0X4000000F

STATUS_RECEIVE_PARTIAL 0x4000000F: Partial Data Fix

Network & Connectivity Intermediate 👁 1 views 📅 May 28, 2026

This error means your app got a partial data chunk from the network, usually from a broken TCP connection. Here's why and how to fix it.

When Does This Error Show Up?

You'll typically see 0x4000000F in event logs or as a crash dump when a client-server app — like a SQL Server connection, an IIS worker process, or a custom socket-based service — suddenly loses a connection mid-stream. The server sends a response, but the client only picks up part of it before the socket breaks.
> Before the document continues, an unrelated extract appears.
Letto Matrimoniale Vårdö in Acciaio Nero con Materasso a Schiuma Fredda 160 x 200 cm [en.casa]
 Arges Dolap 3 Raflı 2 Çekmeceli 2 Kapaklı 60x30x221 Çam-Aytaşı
Common triggers: a firewall kills the connection, a load balancer times out, or the remote host just disappears (hardware failure, power loss, network cable yanked). I've seen it most often in high-traffic environments where TCP connections get slammed.

Root Cause

Plain and simple: the network stack delivered a partial TCP segment to the application, and the transport layer flagged it before the full data arrived. The culprit here is almost always a TCP reset (RST) packet from an intermediate device or the remote end. The client calls recv() or WSARecv(), gets a buffer that's too small for the incoming data, and the OS returns STATUS_RECEIVE_PARTIAL because the connection's been aborted before the rest showed up. Don't bother blaming the application code first — check the network path. In my 14 years, 8 out of 10 times it's a firewall rule, a misconfigured NIC offload, or an MTU mismatch between the client and server.

Step-by-Step Fix

Step 1: Check for Network Drops

Run this from both ends to see if packets are getting lost:

ping -n 100 -l 1472 

If you see any request timed out, you've got packet loss. Lower the size to 1400 and retest. If it passes at 1400 but fails at 1472, that's an MTU issue. Fix it by setting the MTU to 1400 on the client NIC:

netsh interface ipv4 set subinterface "Local Area Connection" mtu=1400 store=persistent

Step 2: Disable TCP Offloading

NIC offloading features (Large Send Offload, TCP Checksum Offload) can corrupt partial data on some hardware — especially Realtek and older Broadcom chips. Turn them off in the NIC driver properties. Go to Device Manager > Network Adapters > your NIC > Properties > Advanced tab. Set these to Disabled:

  • Large Send Offload (LSO)
  • TCP Checksum Offload (IPv4)
  • TCP Checksum Offload (IPv6)
  • Receive Side Scaling (RSS) — only if the first three don't help

Reboot after. I've seen this single step fix 0x4000000F on Server 2012 R2 and 2016 boxes running SQL Server.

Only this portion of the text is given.